Individual freedoms are precious and worth protecting because they benefit society as a whole. Our right to our individual subjective opinions, to free speech, bodily autonomy, informed consent, freedom of movement, the right to a private life, these things are precious human rights, and with the introduction of vaccine passports, they are all now under serious threat. Wanting to protect these rights does not need to be at odds with a sense of collectivism or social responsibility.
When our individual rights and freedoms are protected as part of a free society then they generally benefit the health and wellbeing of everyone. To lose them will cause us far greater harm than COVID-19 could ever do. Historically, societies which have removed individual rights and freedoms in the name of a greater good, even in the name of health, usually end up being profoundly sick societies, this is the hallmark of most totalitarian regimes. It is not selfish to or uncaring to want to protect your own individual rights. Don’t buy into that polarisation, it’s an utter nonsense.

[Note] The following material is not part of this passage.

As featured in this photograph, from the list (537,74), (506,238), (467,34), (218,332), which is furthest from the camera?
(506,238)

On a relational level, it’s important not to let the vaccine passports divide us. To not allow ourselves to become two warring groups of vaccinated and unvaccinated people. Whatever your individual medical choices happen to be, don’t let this poisonous narrative split you from with your friends and your family or anyone who matters to you. However much the media, the politicians are trying to turn us against each other, let’s not let ourselves be split from each other, or turn against each other, because that way madness lies.
Protect the things that Support Joy and Connection
And finally, as a humanistic therapist I hold that to truly support mental health and human flourishing, then we must have free and unrestricted access to the parts of life that have always been central to human joy and flourishing throughout the course of our collective history.
Dancing together, smiling at strangers in the street, travelling to new places, eating a meal together with friends, being present at births of new family members, nursing our loved ones through illness and death, grieving together, watching theatre, listening to orchestras, singing, jumping up and down in a mosh pit, arguing in the street when we’ve got too drunk, having a really good snog with a total stranger – all of these things matter.
Acts of joyful, creative, social connectedness – the little rituals and big milestones of human life – these are not optional extras that we can just suddenly live without for months on end, nor we should we grant our government the power to them take from us in the name of keeping everyone safe.
I believe that now is a time for a collective, creative, civil disobedience, to push back against these draconian and ineffective public health interventions, in whichever ways best fit our own unique situation.
If there is an opportunity in this situation, it is to not ‘build back better’, to embrace a paranoid and atomised ‘new normal’. Instead, I believe the current situation offers us an opportunity to gain a new appreciation for the joys and sorrows, the agonies and ecstasies, the possibilities and limitations of being fully human.
Like it or not, this situation gives us a chance to reaffirm our commitment to the human rights and freedoms that really matter to us, and a chance to fight to defend them. And finally, and I think most importantly, this situation will give us a chance to break out of our echo chambers and to make new friendships and learn new skills. It’s a chance to stand united with our friends and loved ones whatever our differences might be, in the face of this unfolding tyranny – and the many ugly attempts to divide us.